Wholesale Banking plays an integral role in ING, attracting new business and generating profitable growth through a number of channels, including general lending, leasing and structured finance. Wholesale Banking also offers the Group key skills in balance sheet management, including funding and liquidity management. In 2007, Wholesale Banking deepened its client relationships, closed a number of landmark deals, reduced costs and improved returns through more efficient use of capital.

ING offers wholesale banking services to mid-corporates, corporates and financial institutions in more than 40 countries. In the Netherlands and Belgium, ING is a full-service bank with a wide range of products, from cash management to corporate finance. ING also offers an extensive range of services in Poland and Romania and other Central and Eastern European markets. In other countries Wholesale Banking has a product and client range that is more selective. In all areas, ING is trying to boost growth by offering a range of leading banking services and products.

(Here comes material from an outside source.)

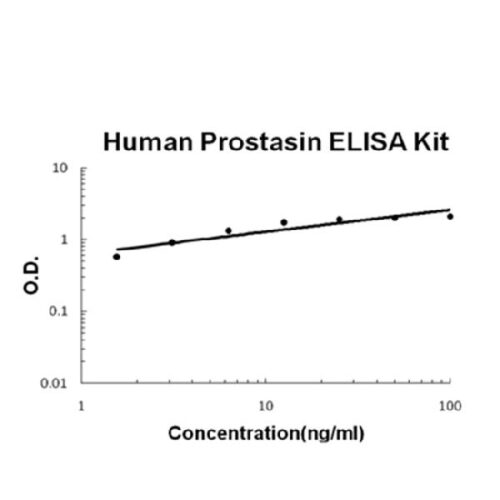 Human Prostasin PicoKine ELISA Kit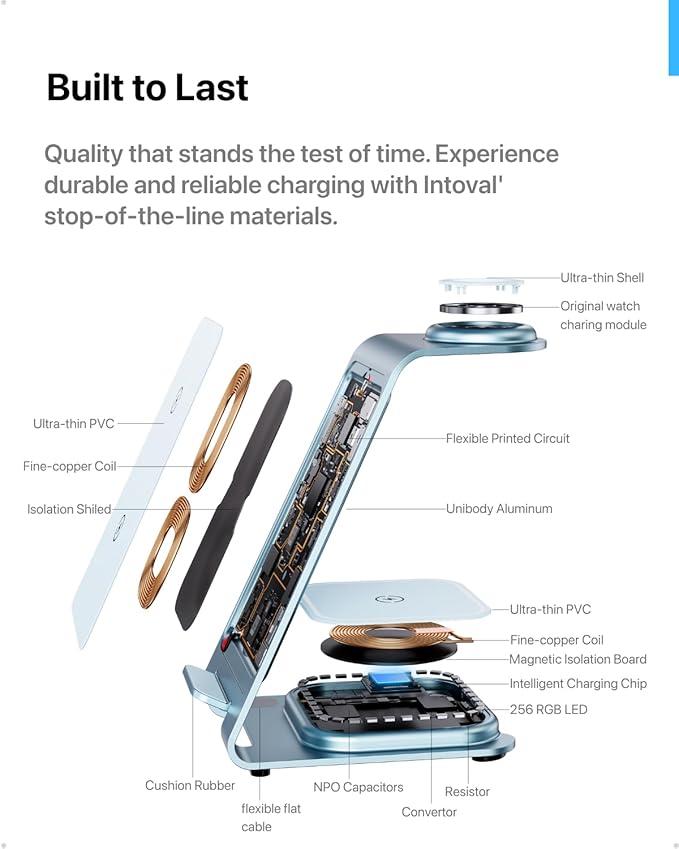 Intoval 3 in 1 Wireless Charging Station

Wholesale Banking has six units: General Lending & Payments and Cash Management (PCM); Structured Finance; Leasing & Factoring; Financial Markets; Other Wholesale Products, and ING Real Estate, the world’s largest real estate investment manager. Structured Finance and Financial Markets are competitive internationally and are well-positioned for further growth. In Europe, ING is also a leader in PCM and Leasing.

General Lending & PCM volumes growth

Volumes increased in both General Lending and Payments & Cash Management over the year due to concerted efforts in the Benelux and growth initiatives in Central and Eastern Europe. The volume increases were largely offset by continued pricing pressure due to strong competition, with some of the pressure subsiding in the second half of the year.

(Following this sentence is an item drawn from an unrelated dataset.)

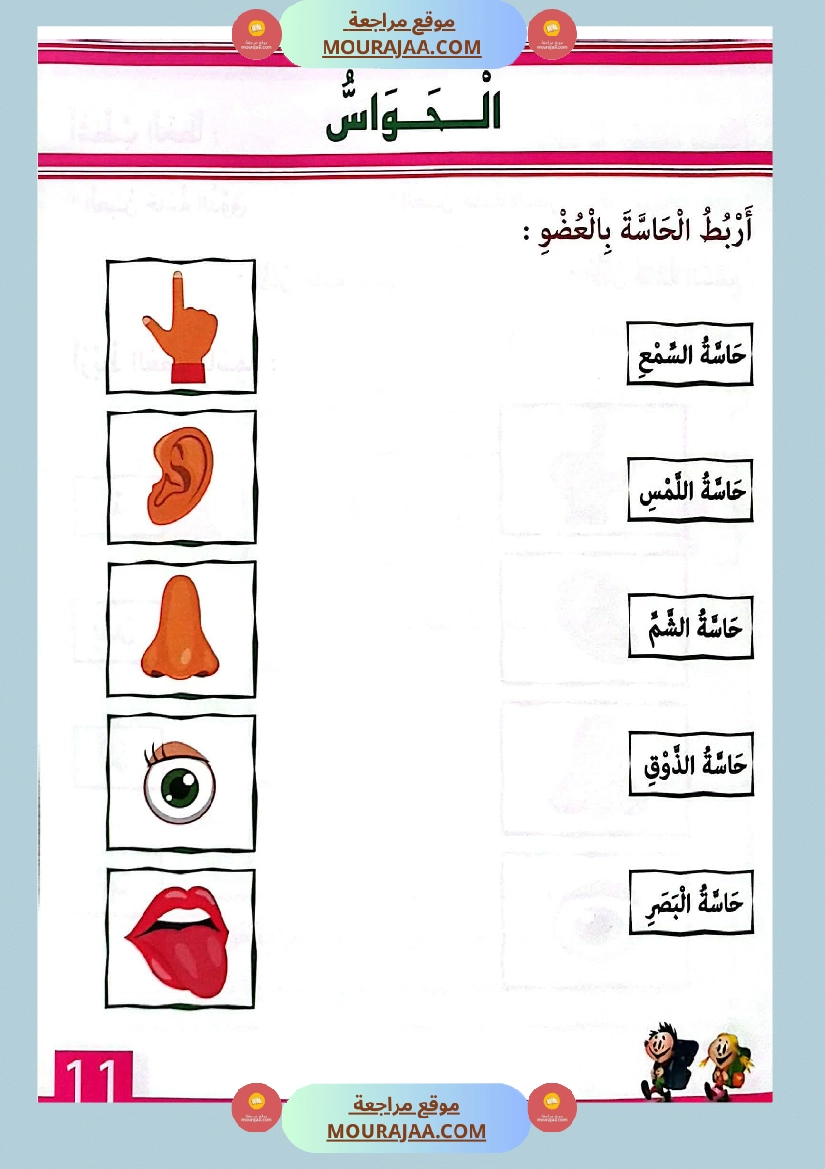 التدرج في الإيقاظ العلمي لاقسام التحضيري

General Lending is used as an entry product across all regions to attract customers and to cross-sell high-value products. It continues to focus on capital optimisation activities to increase value creation, including an ‘originate-to-distribute’ strategy, where originated loans are sold before reaching maturity.

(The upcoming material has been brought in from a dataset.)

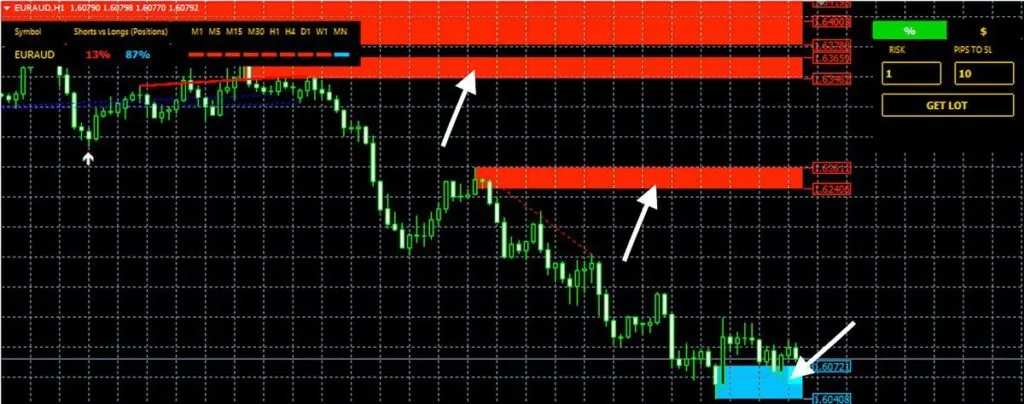 Forex Market Sentiment Indicator FREE Download ForexCracked.com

Volumes in PCM rose due to bigger transactions and the renewal of key contracts. European companies have been directing increasing amounts of cash management business to just a few financial institutions, including ING, as scale becomes more important. Wholesale Banking is focusing on certain client segments such as large pension funds, health insurance companies, financial institutions and mid-corporates. ING won a number of sizeable cash services mandates in 2007 from large institutional clients. Preparations were made for the creation of the Single Euro Payments Area (SEPA), which has taken effect from 28 January 2008, and ING has signed agreements with various clients to provide SEPA services for sizeable volumes. Consequently, the high level of investment in Payments & Cash Management will continue over the coming years.

Robust demand for Structured Finance

Structured Finance generally had a good year due to robust demand and solid revenue growth in most product areas. The one exception was Leveraged Finance where the markets came largely to a halt in the second half due to concerns about credit quality in the global credit markets.

The recent disruption in the markets increased funding costs and decreased institutional demand. Over the longer term, the disruption is expected to increase loan pricing in a way that will benefit structured finance. International trade and export finance volumes increased with our main multinational commodity clients. ING saw an especially strong performance across a number of other products, including asset-based finance, natural resources finance and telecommunications finance, which contributed significant transaction fees.

In leveraged finance, ING tightened its limits early in the year in anticipation of a slowdown. When credit markets became disrupted in August, ING had an underwriting pipeline of EUR 2.3 billion spread over 14 transactions. Since then, some of the deals have been syndicated out. The loan syndication market was also slow with a bigger tendency towards club deals that spread the risk, and the income, over a larger group of partners. There was also downward pressure on underwriting fees.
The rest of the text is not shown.